Dimensionality reduction is a process used in data analysis and machine learning to reduce the number of random variables under consideration, by obtaining a set of principal variables. This technique helps in mitigating the curse of dimensionality, improving model performance, and visualizing high-dimensional data in a more comprehensible way.
Manifold Learning is a type of unsupervised learning that seeks to uncover the low-dimensional structure embedded within high-dimensional data by assuming that the data lies on a manifold. It is particularly useful for dimensionality reduction and visualization, helping to preserve the intrinsic geometry of the data while reducing computational complexity.
High-dimensional geometry studies the properties and behaviors of geometric objects in spaces with more than three dimensions, often revealing counterintuitive phenomena not present in lower dimensions. This field is crucial for understanding complex systems in data science, machine learning, and theoretical physics, where high-dimensional spaces frequently occur.
Monte Carlo Integration is a numerical method that uses random sampling to approximate the value of definite integrals, particularly useful when dealing with high-dimensional spaces or complex domains. It relies on the law of large numbers to converge to an accurate estimate as the number of samples increases, making it a powerful tool in fields like finance, physics, and engineering.

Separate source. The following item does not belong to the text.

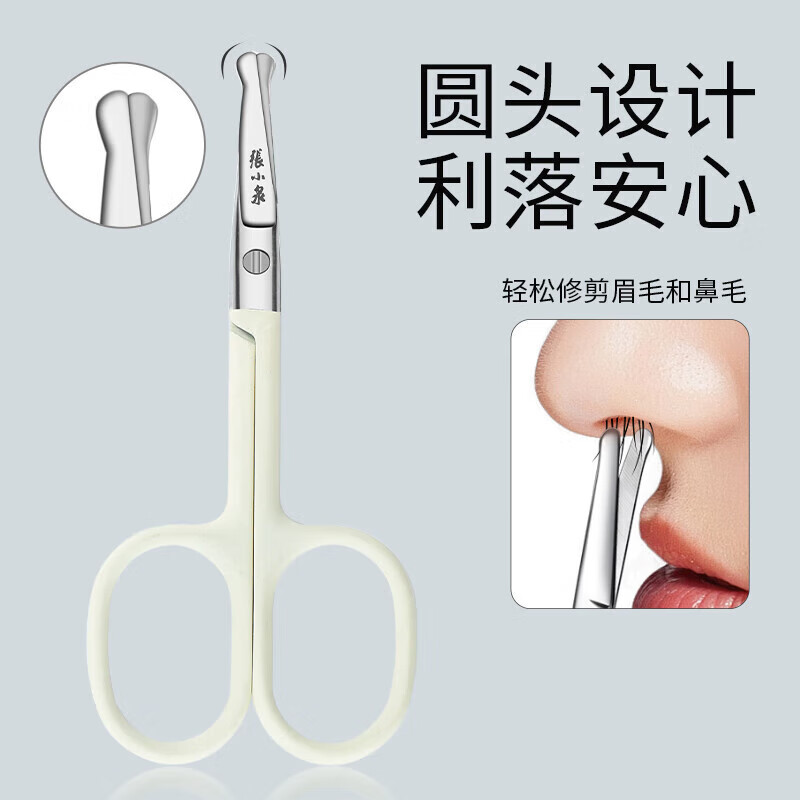 张小泉倾巧系列五件套 指甲刀套装指甲钳指甲剪美甲修甲 套装五件套H100031高清大图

Locality-Sensitive Hashing (LSH) is a technique used to approximate nearest neighbor searches in high-dimensional spaces by hashing input items so that similar items map to the same 'buckets' with high probability. This method significantly reduces the dimensionality of data, enabling efficient similarity searches in large datasets while sacrificing some precision for speed.

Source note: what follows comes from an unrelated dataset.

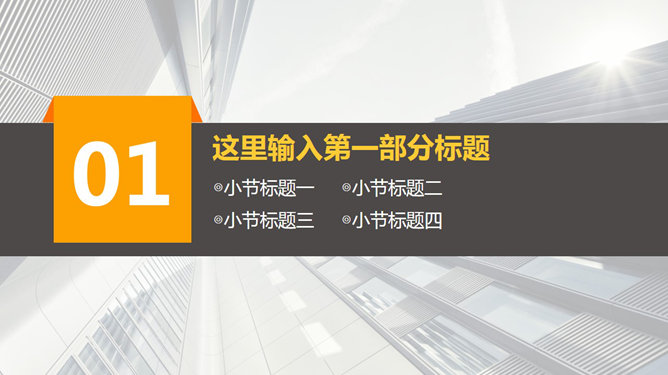 高楼背景大方动态商务PPT模板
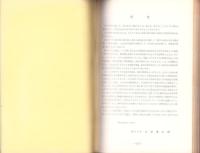 瀬戸市開発計画調査報告（愛知県）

Sampling-based algorithms are a class of algorithms used primarily in robotics and computer graphics for solving high-dimensional path planning problems. They work by randomly sampling the search space and constructing a graph or tree that approximates the solution space, making them particularly effective for complex, non-linear environments where traditional methods struggle.
The Probabilistic Roadmap (PRM) method is a sampling-based algorithm used in robotics and computational geometry to find paths for moving objects in complex environments by constructing a network of feasible paths. It efficiently navigates through high-dimensional spaces by randomly sampling the configuration space and connecting these samples to form a roadmap that captures the connectivity of the space.